Morning cheaters and slags, here’s yesterday’s Sunday Times Column. xoxo Paige.
A MILLION MILES FROM NORMAL – By Paige Nick
I’M ADDICTED TO LOVE
So, sex addiction. Is it a real sickness, or just a great excuse to behave badly?
Famous politicians, golfers, footballers, George Michaels, and actors have been using it as an excuse to get out of hot water for years. Oops, paparazzi caught me drunk with my pants around my ankles and three grams of cocaine, shagging two he-she hookers in a dodgy motel room, again. But it’s not my fault, I have a sexual addiction.

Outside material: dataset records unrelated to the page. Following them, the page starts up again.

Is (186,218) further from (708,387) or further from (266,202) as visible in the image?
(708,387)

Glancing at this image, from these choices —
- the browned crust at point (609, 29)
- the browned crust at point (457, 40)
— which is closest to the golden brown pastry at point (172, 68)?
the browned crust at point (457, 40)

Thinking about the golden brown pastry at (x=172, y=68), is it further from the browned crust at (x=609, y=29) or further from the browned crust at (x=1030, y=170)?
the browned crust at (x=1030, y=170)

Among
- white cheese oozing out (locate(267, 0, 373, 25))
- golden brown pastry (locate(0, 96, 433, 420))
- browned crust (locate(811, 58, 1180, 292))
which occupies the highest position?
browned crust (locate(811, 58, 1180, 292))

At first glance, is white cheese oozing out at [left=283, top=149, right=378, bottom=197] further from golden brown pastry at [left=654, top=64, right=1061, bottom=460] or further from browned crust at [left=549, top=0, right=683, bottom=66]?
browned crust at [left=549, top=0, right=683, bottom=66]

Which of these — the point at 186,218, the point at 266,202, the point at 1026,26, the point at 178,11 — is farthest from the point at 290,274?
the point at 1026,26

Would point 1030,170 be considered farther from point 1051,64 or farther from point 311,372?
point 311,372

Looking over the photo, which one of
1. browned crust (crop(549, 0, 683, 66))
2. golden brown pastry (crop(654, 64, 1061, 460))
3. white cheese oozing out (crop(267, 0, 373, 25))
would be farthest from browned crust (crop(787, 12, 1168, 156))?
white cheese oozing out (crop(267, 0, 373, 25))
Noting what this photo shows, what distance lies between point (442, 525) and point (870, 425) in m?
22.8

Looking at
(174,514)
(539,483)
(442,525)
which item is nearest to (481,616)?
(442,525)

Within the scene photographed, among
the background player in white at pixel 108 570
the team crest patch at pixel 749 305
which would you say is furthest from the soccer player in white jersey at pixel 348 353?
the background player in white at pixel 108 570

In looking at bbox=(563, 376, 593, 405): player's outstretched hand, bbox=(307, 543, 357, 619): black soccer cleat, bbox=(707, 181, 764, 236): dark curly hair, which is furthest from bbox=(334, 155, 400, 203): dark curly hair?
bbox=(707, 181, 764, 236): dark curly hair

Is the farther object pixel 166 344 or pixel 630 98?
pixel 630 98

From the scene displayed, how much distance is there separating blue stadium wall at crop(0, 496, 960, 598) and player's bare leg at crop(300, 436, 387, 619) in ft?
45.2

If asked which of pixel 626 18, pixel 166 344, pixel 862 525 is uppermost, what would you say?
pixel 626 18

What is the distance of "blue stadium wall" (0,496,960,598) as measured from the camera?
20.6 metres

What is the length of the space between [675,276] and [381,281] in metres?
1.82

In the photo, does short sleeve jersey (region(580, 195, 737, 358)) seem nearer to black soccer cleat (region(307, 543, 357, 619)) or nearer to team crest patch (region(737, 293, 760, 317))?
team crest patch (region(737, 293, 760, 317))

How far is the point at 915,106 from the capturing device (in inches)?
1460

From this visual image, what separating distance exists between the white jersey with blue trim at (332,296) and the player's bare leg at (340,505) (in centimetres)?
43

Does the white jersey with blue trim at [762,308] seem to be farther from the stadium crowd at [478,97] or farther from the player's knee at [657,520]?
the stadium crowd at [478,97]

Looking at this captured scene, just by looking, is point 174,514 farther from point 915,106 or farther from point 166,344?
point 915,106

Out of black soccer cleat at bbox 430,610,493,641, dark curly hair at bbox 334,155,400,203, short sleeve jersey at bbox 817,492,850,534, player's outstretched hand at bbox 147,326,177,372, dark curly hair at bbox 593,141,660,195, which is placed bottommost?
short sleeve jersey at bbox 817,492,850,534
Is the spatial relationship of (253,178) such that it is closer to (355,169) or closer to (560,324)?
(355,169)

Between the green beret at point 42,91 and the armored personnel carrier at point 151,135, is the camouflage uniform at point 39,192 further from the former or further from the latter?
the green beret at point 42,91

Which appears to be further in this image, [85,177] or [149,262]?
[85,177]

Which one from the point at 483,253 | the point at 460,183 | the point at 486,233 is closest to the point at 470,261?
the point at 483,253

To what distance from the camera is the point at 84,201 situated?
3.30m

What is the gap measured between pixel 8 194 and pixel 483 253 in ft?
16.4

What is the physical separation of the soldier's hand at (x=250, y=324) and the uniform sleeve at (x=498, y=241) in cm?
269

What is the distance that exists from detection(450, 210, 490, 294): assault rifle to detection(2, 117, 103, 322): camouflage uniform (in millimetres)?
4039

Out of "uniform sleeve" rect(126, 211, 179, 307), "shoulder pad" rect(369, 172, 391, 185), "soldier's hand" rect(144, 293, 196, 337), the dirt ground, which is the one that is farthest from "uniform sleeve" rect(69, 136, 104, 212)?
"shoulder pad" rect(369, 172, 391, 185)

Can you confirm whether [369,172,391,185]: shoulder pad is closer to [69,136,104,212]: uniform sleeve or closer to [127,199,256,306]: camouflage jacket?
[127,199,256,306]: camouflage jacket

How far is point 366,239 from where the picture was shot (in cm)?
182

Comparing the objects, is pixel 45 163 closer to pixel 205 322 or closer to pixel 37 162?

We can draw one or two small parallels with sex addiction and ADD. When I was growing up, we didn’t have an official name for those kids who struggled to pay attention in school, were hyperactive, and a little naughty, we just called them kids. Same goes for sex addiction, I guess. Before doctors defined it in the 1970s, giving it real mental health illness status, men with sexual addictions were just called cheaters, and the women, slags.

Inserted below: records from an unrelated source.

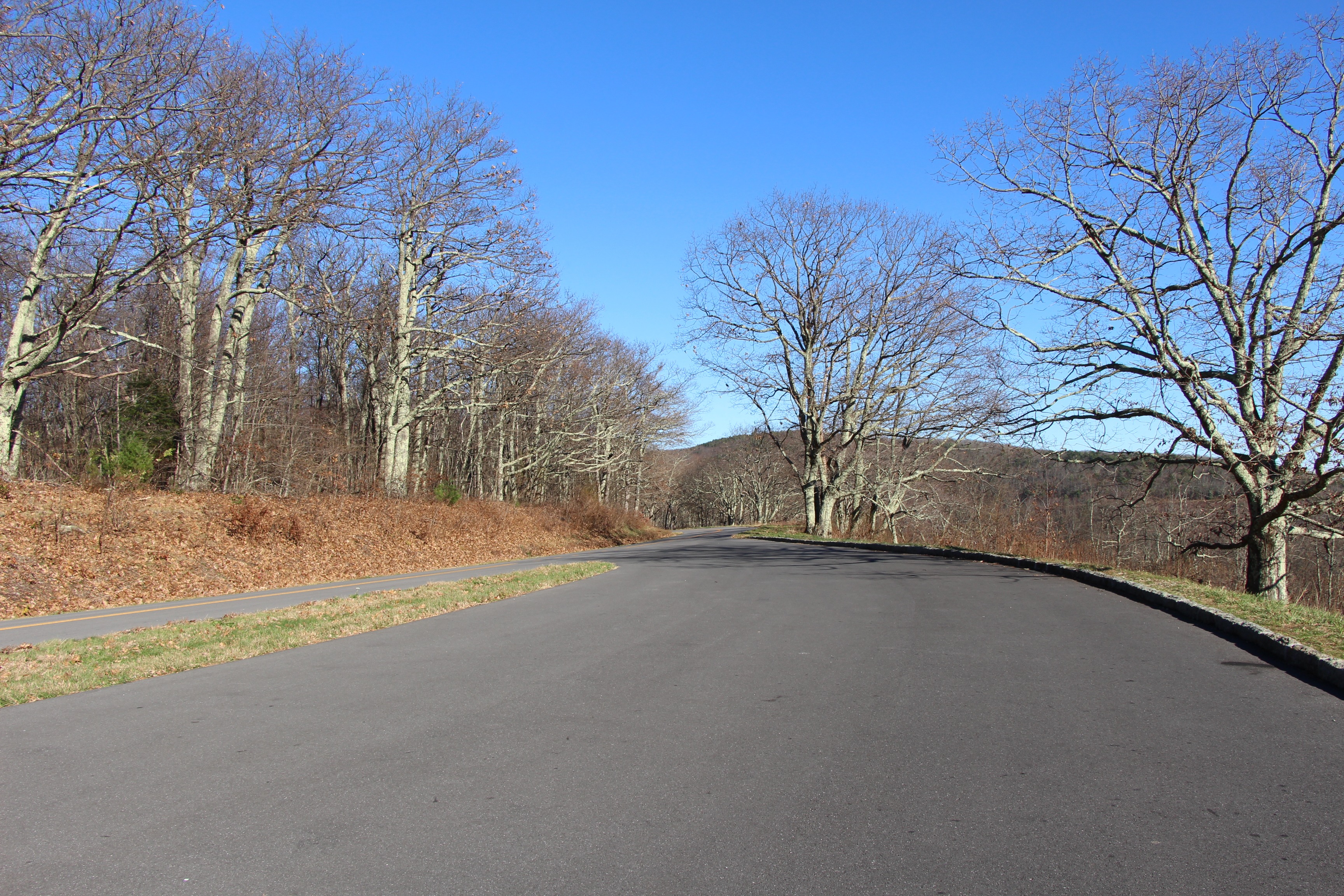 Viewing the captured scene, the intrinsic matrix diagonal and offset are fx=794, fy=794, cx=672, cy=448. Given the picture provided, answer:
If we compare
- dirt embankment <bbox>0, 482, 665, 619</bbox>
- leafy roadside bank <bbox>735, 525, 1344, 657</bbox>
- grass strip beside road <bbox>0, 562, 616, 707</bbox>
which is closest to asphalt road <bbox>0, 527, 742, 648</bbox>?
grass strip beside road <bbox>0, 562, 616, 707</bbox>

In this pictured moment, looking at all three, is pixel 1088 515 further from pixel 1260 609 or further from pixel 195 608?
pixel 195 608

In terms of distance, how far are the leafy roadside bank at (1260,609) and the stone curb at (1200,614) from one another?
15 centimetres

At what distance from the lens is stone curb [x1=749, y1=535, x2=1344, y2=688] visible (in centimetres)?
674

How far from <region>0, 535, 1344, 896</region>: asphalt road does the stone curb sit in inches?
9.4

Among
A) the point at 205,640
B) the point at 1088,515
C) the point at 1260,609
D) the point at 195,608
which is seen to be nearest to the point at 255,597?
the point at 195,608

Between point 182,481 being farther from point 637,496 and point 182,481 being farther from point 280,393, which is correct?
point 637,496

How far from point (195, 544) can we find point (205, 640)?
9.32m

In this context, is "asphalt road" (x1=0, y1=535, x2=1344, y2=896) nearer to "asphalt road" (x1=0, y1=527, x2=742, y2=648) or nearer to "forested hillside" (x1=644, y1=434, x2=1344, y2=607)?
"asphalt road" (x1=0, y1=527, x2=742, y2=648)

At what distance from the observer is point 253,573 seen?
1692 cm

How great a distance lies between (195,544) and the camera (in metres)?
17.0

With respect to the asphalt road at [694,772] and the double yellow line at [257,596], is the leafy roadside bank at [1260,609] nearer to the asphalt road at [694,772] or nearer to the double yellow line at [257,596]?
the asphalt road at [694,772]

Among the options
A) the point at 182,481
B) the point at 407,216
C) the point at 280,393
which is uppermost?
the point at 407,216

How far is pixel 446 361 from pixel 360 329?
4.16 m

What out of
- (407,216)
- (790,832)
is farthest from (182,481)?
(790,832)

Although, maybe I’m being too harsh and simplifying matters. A broad definition of any addiction is a habit or practice that negatively affects your life. And of course there are people who have real clinical problems (before you write me angry letters, same goes for ADD, of course it’s a medically diagnosed, debilitating physical problem for many children and adults). I’m not saying ADD or sex addiction don’t exist, I’m saying that men misusing sexual addiction as an alibi over the years is a little ‘the dog ate my homework’ and may have eroded its credibility.
Perhaps a line needs to be drawn between people who have real clinical problems, and those who simply see it as a get out of jail free card. The question is, does having lots of illicit sex make you a sex addict, or does getting caught having lots of illicit sex make you a sex addict?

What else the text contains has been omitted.